Dataset records
+ + + + +
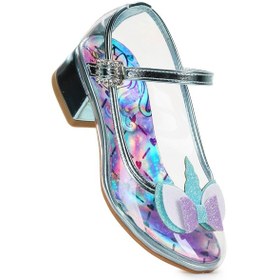 Resim Kiko Kids Unicorn Kız Çocuk Topuklu Abiye Şeffaf Ayakkabı Su Yeşili Su Yeşili 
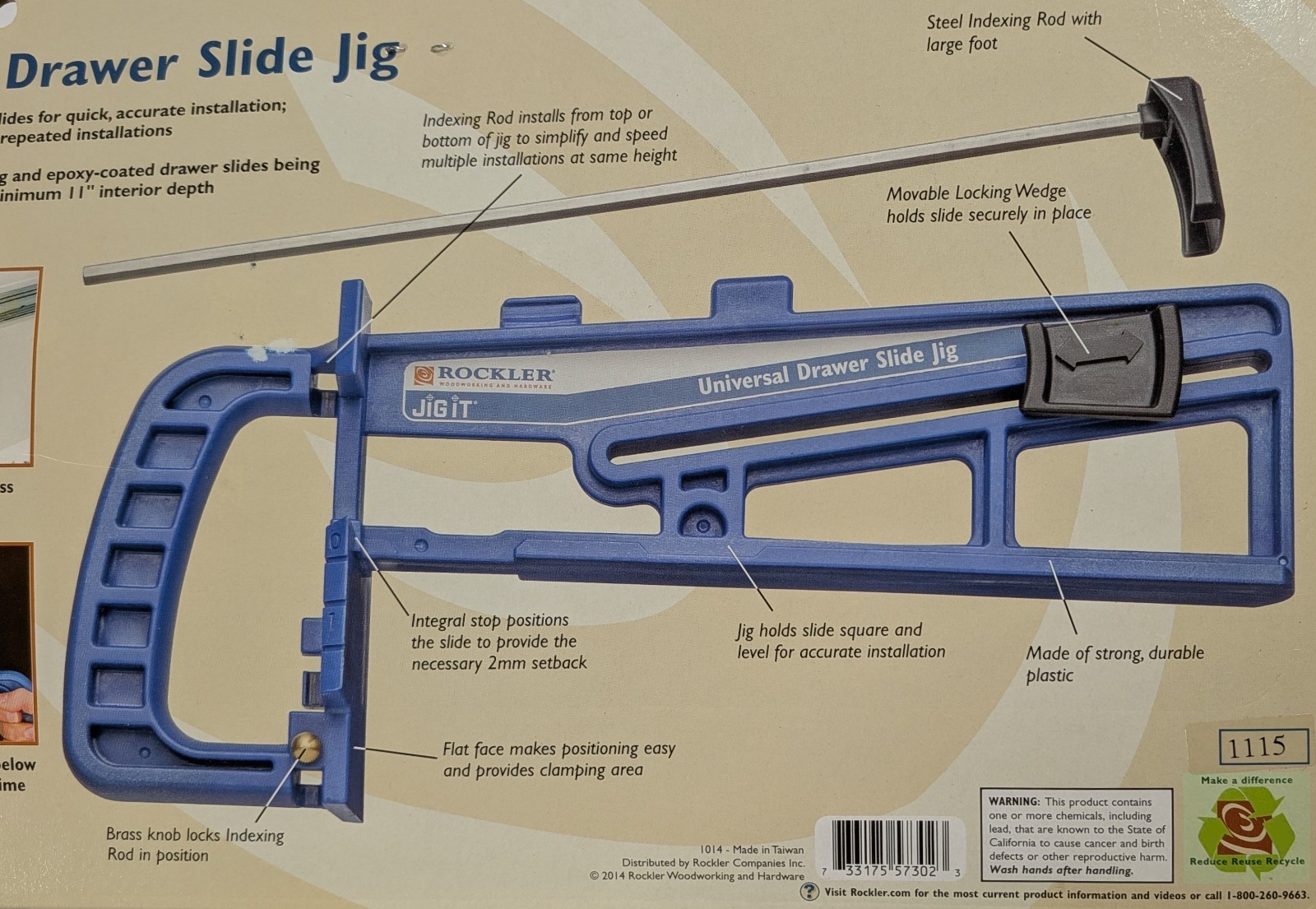 Rockler Universal Drawer Slide Jig Cabinet Hardware Jig to Install Drawer Slides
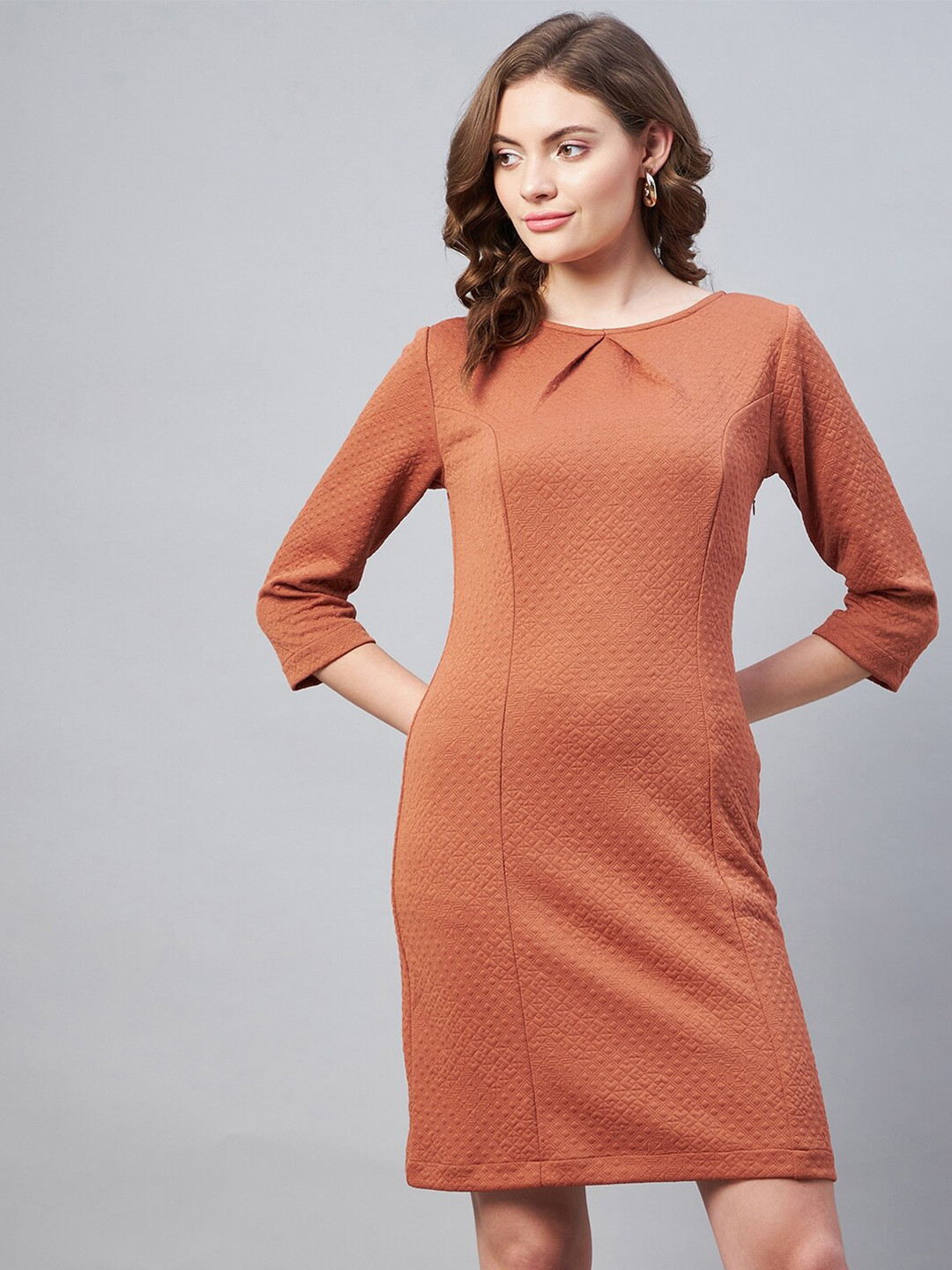 StyleStone Rust Jacquard Geometric Sheath Dress
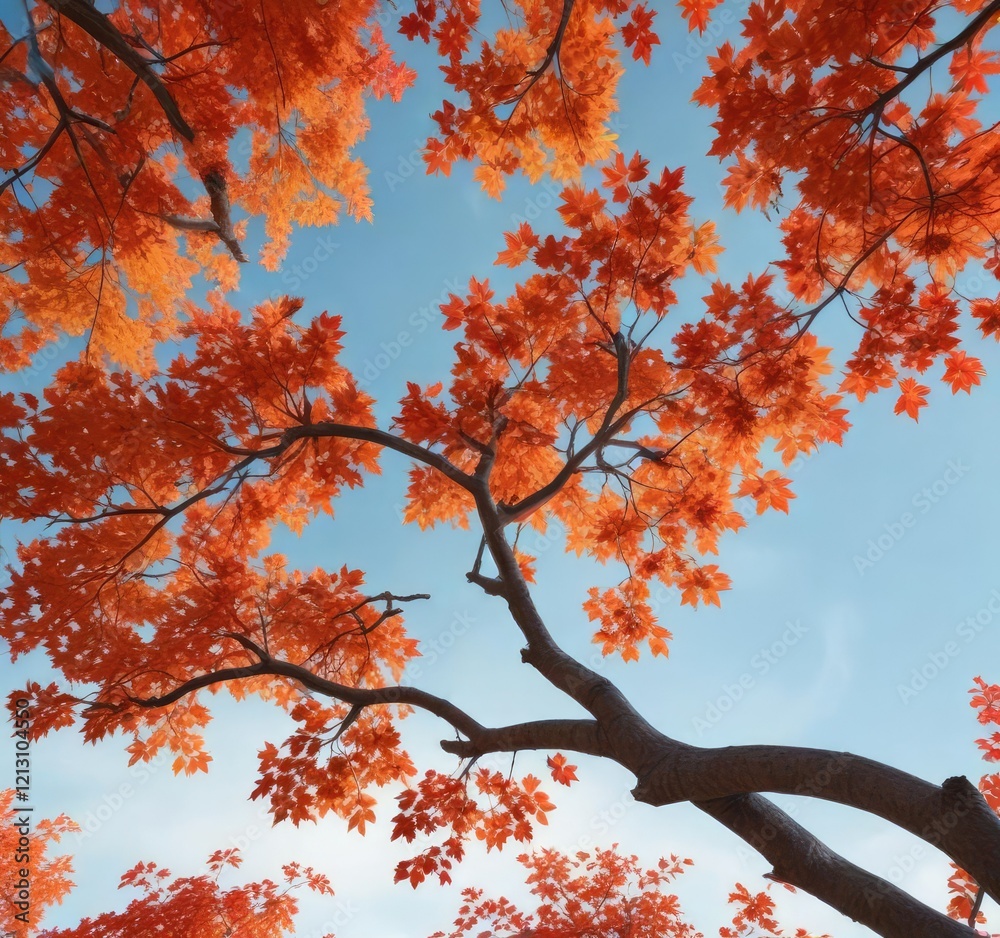 A sprawling branch of maple tree covered in bright orange and red leaves against a pale blue sky, fall foliage, maple tree, nature scenes A sprawling branch of maple tree covered in bright orange and red leaves against a pale blue sky, fall foliage, maple tree, nature scenes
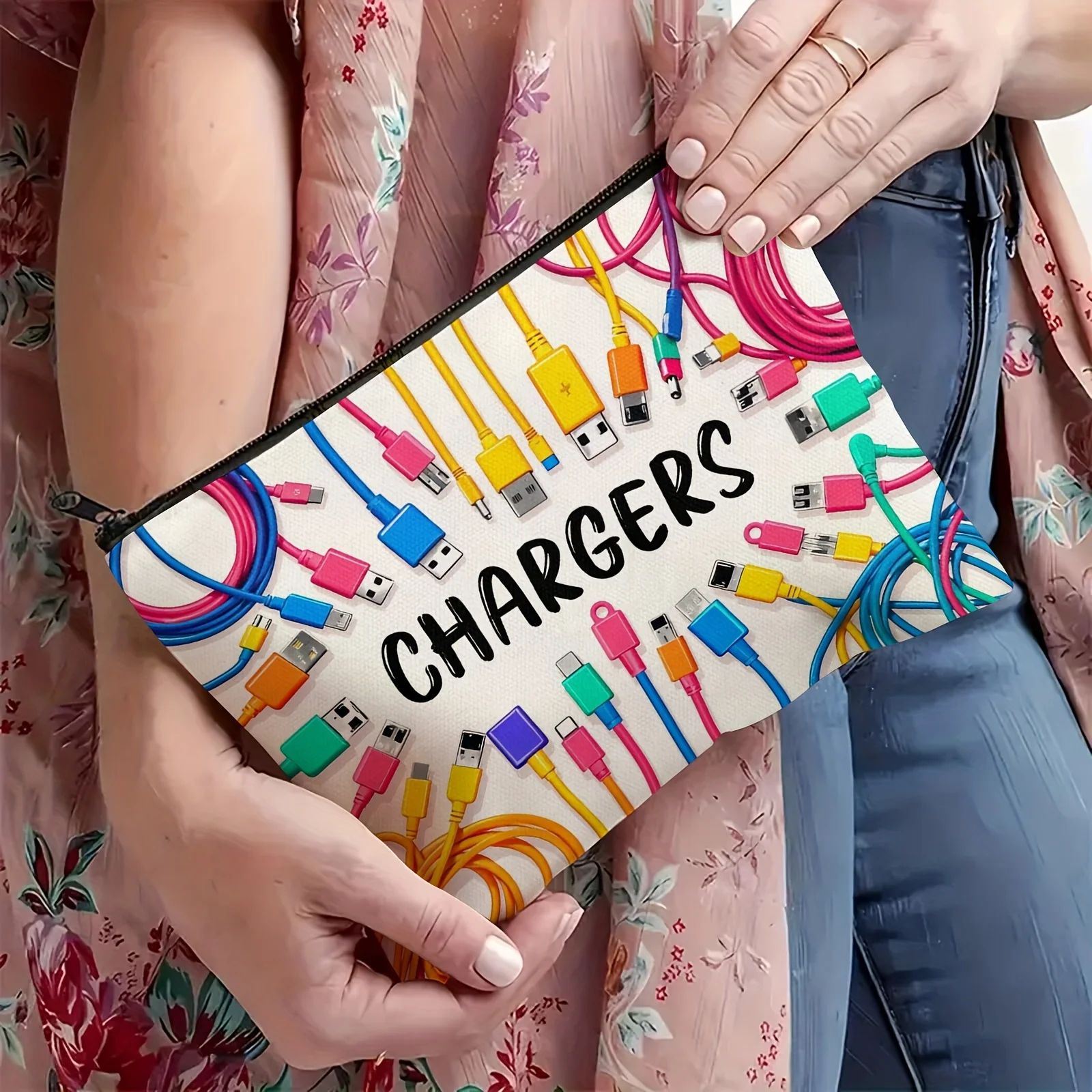 Colorful Chargers Zip Pouch Travel Cable Organizer and USB Storage Bag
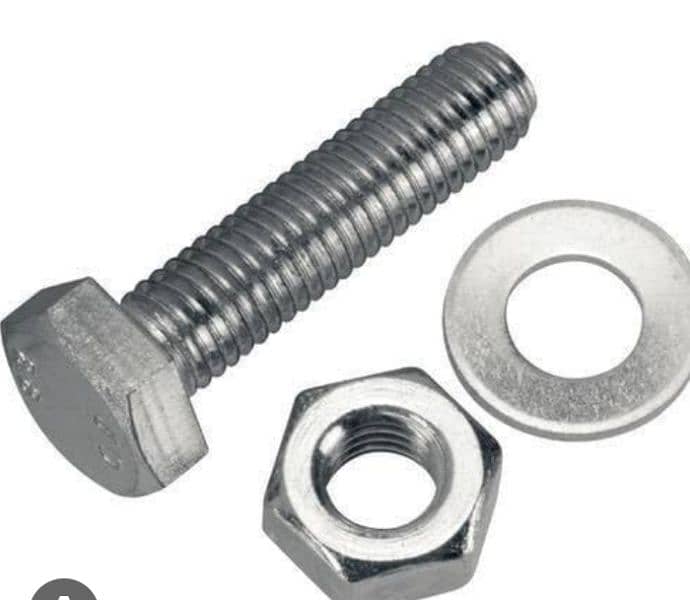 stainless steel nut bolt washer (RS. 25) 0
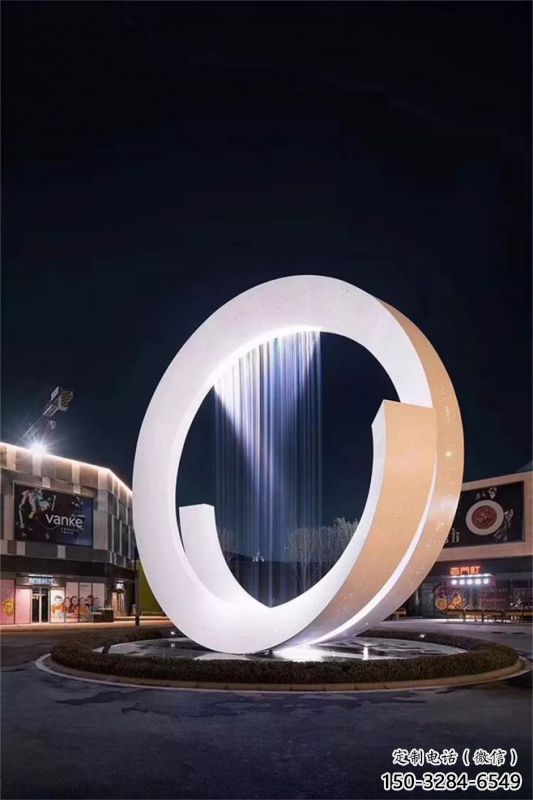 遵義圓環噴泉雕塑，水景藝術原理，水景圓環雕塑廠家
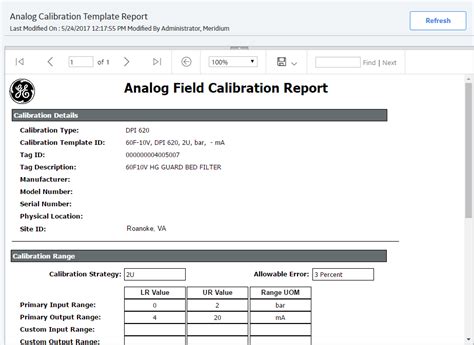 Calibration Templates And Profiles Predix Apm Ge Digital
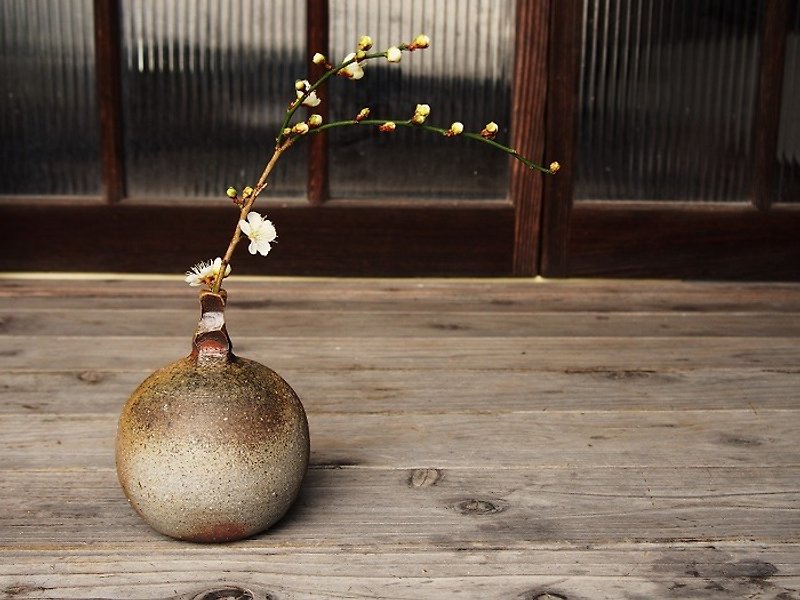 日本岡山備前 陶器 花瓶 花插 一朵花器（玉）（中）h2-026 - 植栽/盆栽 - 陶 咖啡色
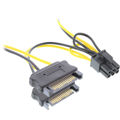 InLine Power Cable 2 x SATA Male  to PCI-e 6pin 15cm (26628B)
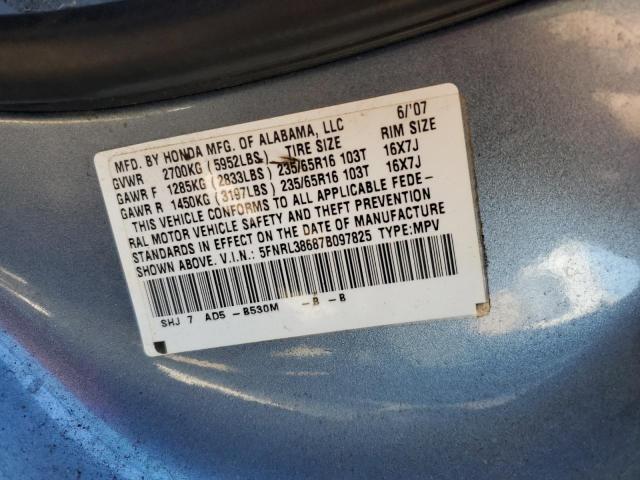 Photo 12 VIN: 5FNRL38687B097825 - HONDA ODYSSEY EX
+ + + + +
- _Exercise objective_
Only the lines from the top of the records through the line with "StyleStone Rust Jacquard" belong in the copy; write them out exactly, leaving out pictures.

- _Answer below_
 Resim Kiko Kids Unicorn Kız Çocuk Topuklu Abiye Şeffaf Ayakkabı Su Yeşili Su Yeşili 
 Rockler Universal Drawer Slide Jig Cabinet Hardware Jig to Install Drawer Slides
 StyleStone Rust Jacquard Geometric Sheath Dress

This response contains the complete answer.